The bank’s analyst Justin Post argues that recent fears about Google and OpenAI’s agentic travel tools are “overdone,” with Booking now trading at just 16 times 2027 earnings.
Shares in Booking rose 1.2% in premarket trading by 07:02 ET.
Post says the company’s positioning with suppliers gives it meaningful protection. Booking generates under 10% of its bookings from large hotel chains and has more than half of its room nights coming from suppliers directly linked to its platform.
These relationships are “hard for AI agents to get links,” he said, and help support Booking’s ability to negotiate favorable economics in potential AI distribution deals.
The analyst also highlighted that the Genius loyalty program, which represents over 50% of bookings, remains a powerful anchor for user behavior.
Post views the current setup as a margin and earnings growth story despite the elevated investment cycle.

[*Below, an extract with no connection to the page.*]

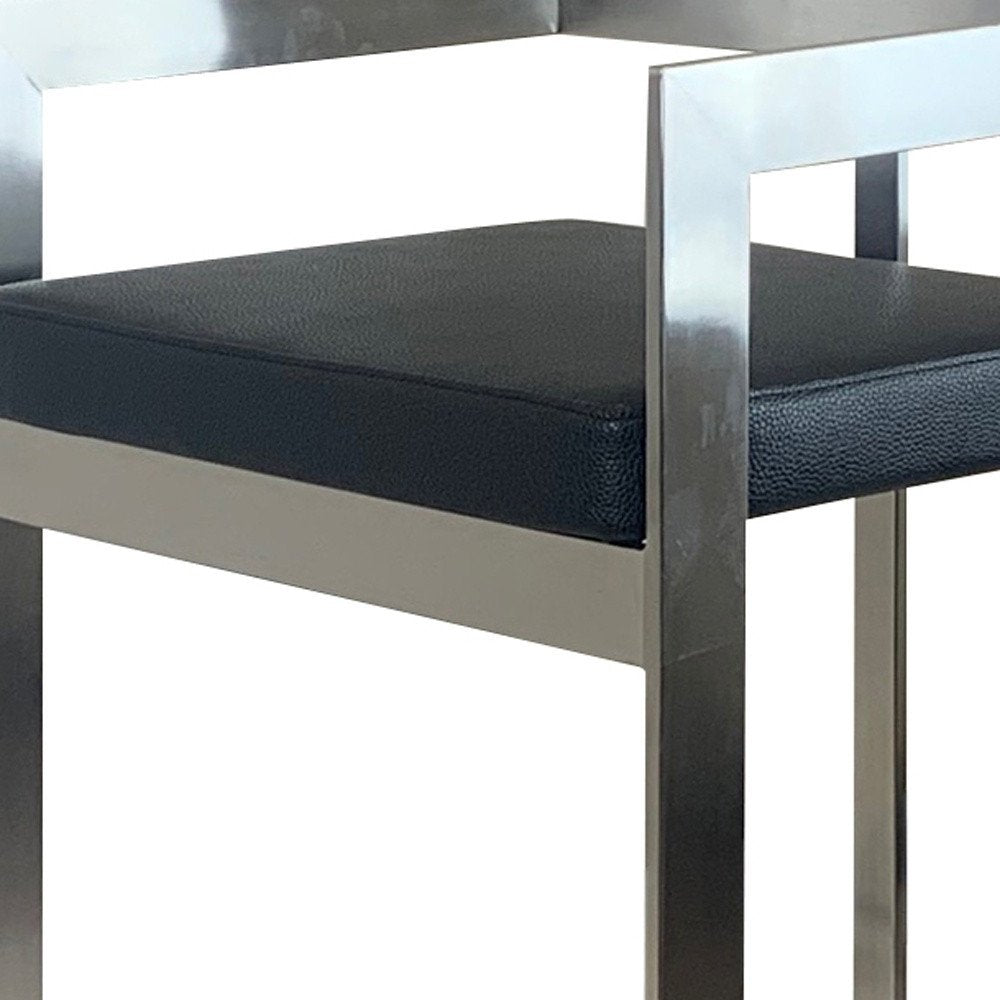 26" Black And Silver Faux Leather And Metal Low Back Counter Height Bar Chair HomeRoots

Booking has increased its annual cost-savings target to $500–$550 million, with a $280 million run rate already achieved through the third quarter.

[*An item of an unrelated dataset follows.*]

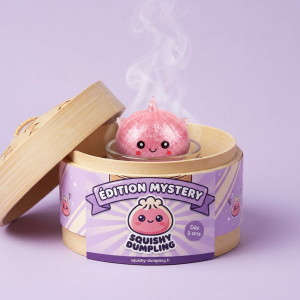 Dumpling Squishy Glitter Yksisarvinen Mystery bambutyylisessä höyrytyskorissa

He expects margin expansion in 2026 and potential buyback acceleration following the recent share-price pullback “to drive 16% earnings growth in 2026.”
“AI traffic is currently low cost, and even if OpenAI/Google start adding Agentic revenue take rates, Booking is in a good position for AI deals given supplier/consumer positioning,” he added.
Adding to BofA’s constructive view, early fourth-quarter trends remain solid. In Europe, revenue per available room (RevPAR) accelerated to 12% year-on-year in October from 9% in September, while U.S. nights growth improved to high-single-digit levels across the OTA sector in the third quarter and continued into October.
While year-on-year comparisons will tighten in November and December, Post forecasts a sequential acceleration in bookings growth in the first quarter of next year. FX is also set to remain a tailwind into the fourth quarter and the first quarter of 2026, given Booking’s heavy international exposure.
On the valuation front, Bank of America highlights that Booking trades at roughly 18 times its 2026 price-to-earnings (P/E) and 14 times forward EV/EBITDA—both slightly below historical averages.
Looking ahead to 2027, the stock sits at around 15.5x earnings, well below the 2025 valuation peak of 20x and the long-term average of 19x.
In a scenario where the AI overhang eases, Post believes the multiple could expand back toward 20x.
Bank of America reiterated its price objective at $6,000 based on 20x 2027 earnings.